È dal 2012 che i quattrocento operai della Alcoa di Portovesme cercano di salvare la fabbrica di alluminio dalla chiusura. Quattro anni fa il gruppo americano, uno dei colossi mondiali del settore, chiuse gli impianti, giudicando non più remunerativa la sua presenza nel distretto industriale del Sulcis. Cominciò allora una lunga trattativa, che ha visto i sindacati, la regione Sardegna e il governo impegnati a scongiurare il rischio di una serrata definitiva degli impianti.
Proprio mentre sembrava che si fosse vicini a una svolta positiva, con l’interesse manifestato da un altro dei grandi gruppi mondiali dell’alluminio, lo svizzero Glencore, ad acquistare lo stabilimento sardo, l’altro ieri da Alcoa City (Tennessee), la città dove ha sede il quartier generale della multinazionale, è arrivata la doccia fredda. Rob Bear, uno dei top manager Alcoa, ha diffuso attraverso le agenzie una nota in cui ha annunciato lo smantellamento degli impianti di Portovesme a partire dalla fine di quest’anno. «La fase di bonifica del suolo – ha specificato Rob Bear – ha avuto inizio a marzo 2016; ora sarà affiancata da un processo di dismissione graduale che avrà inizio entro la fine del 2016».

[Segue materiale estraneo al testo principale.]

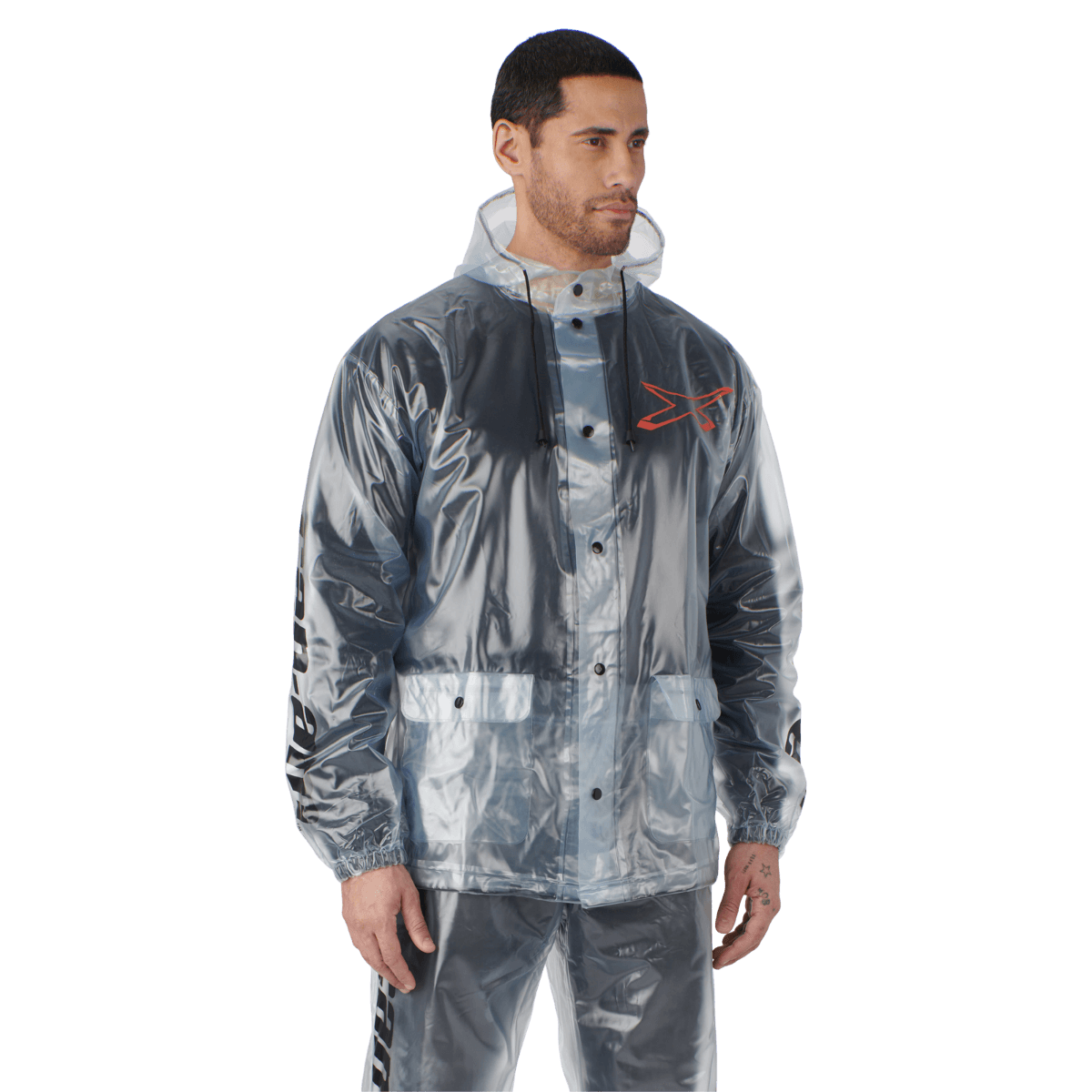 Men's Mud Jacket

Nella nota Alcoa spiega di avere assunto questa decisione dopo aver preso atto dell’impossibilità di cedere gli impianti ad altri gruppi industriali nonostante l’impegno sia della stessa Alcoa sia del governo italiano. Ma non è esattamente come dice Bear. Glencore, l’unico gruppo ad avere sinora manifestato interesse all’acquisto, non ha mai abbandonato il tavolo della trattativa. Pone, questo sì, delle condizioni. Per concludere l’accordo gli svizzeri chiedono un consistente abbattimento del costo dell’energia, che in Sardegna, per motivi strutturali legati all’organizzazione della rete produttiva e distributiva italiana, sono decisamente più alti della media nazionale e di quella europea.

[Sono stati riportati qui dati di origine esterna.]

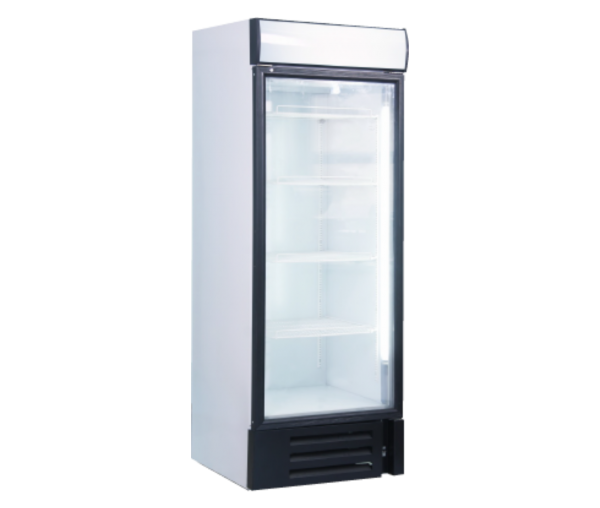 Холодильный шкаф Inter 550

Regione e governo si sono impegnati con l’Unione europea per ottenere il via libera a provvedimenti di abbattimento del costo dell’energia attraverso meccanismi fiscali e di incentivazione agli investimenti in zone, come il Sulcis, appunto, economicamente depresse. La trattativa con l’Unione europea, prima della sortita di Bear, era arrivata a uno sbocco positivo e il governo si preparava a richiamare Glencore al tavolo della trattativa, ai primi di settembre, per fare agli svizzeri una nuova proposta. Il clima era di moderato ottimismo. Poi, improvvisamente, Alcoa ha abbassato la saracinesca.

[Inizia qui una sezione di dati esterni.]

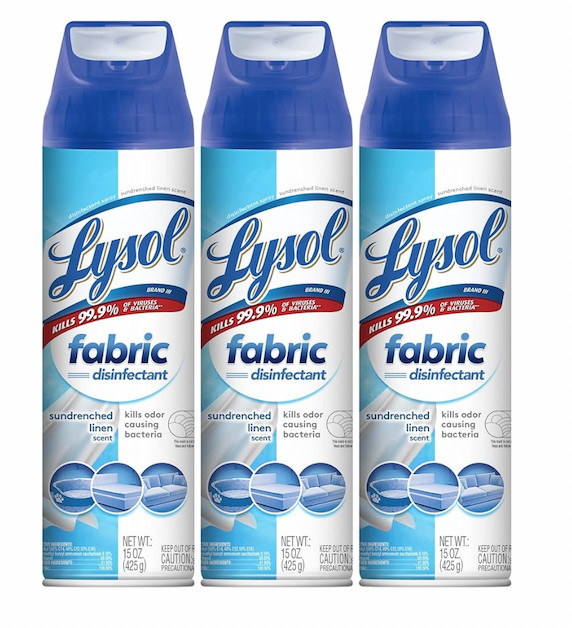 Lysol (pets)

Non stupisce quindi che le reazioni da Roma e dal palazzo della regione a Cagliari siano decisamente risentite verso il gruppo statunitense. «Da settimane era noto – fa sapere il ministro per lo sviluppo economico Carlo Calenda – che per il 5 settembre era convocato al ministero un incontro tra Alcoa, Glencore, sindacati e regione Sardegna. L’annuncio diramato da Alcoa risulta pertanto inatteso e quantomeno inopportuno». E il presidente della giunta sarda di centrosinistra, Francesco Pigliaru, aggiunge: «Siamo impegnati con il governo per garantire le condizioni migliori per il riavvio di Portovesme. E riteniamo che tali condizioni oggi siano più competitive di quanto sia mai avvenuto in passato, grazie a un lungo lavoro reso possibile anche dal fatto che la regione ha ottenuto che i soggetti interessati rimanessero al tavolo delle trattative. L’annuncio di Alcoa in questo momento – conclude il governatore sardo Pigliaru – è quindi decisamente inopportuno e rischia di creare confusione e turbamento. Vogliamo interpretarlo come un invito a chiudere in fretta la vertenza. Ma per questo si è lavorato e si continua a lavorare».

I sindacati intanto sono pronti a riprendere la mobilitazione. Da quattro anni gli operai dell’Alcoa – 420 diretti e 350 degli appalti (in questo momento 80 non hanno l’ammortizzatore sociale) – si battono per salvare la fabbrica. Molte le proteste clamorose. L’ultima lo scorso marzo, quando i tre segretari territoriali di Fim, Fiom e Uilm, Rino Barca, Roberto Forresu e Daniela Piras, sono rimasti sospesi per giorni a sessanta metri d’altezza su un silo dello stabilimento. Ma in passato gli operai dell’Alcoa hanno anche bloccato strade, navi e l’aeroporto di Cagliari, e a Roma sono stati protagonisti di duri scontri con la polizia.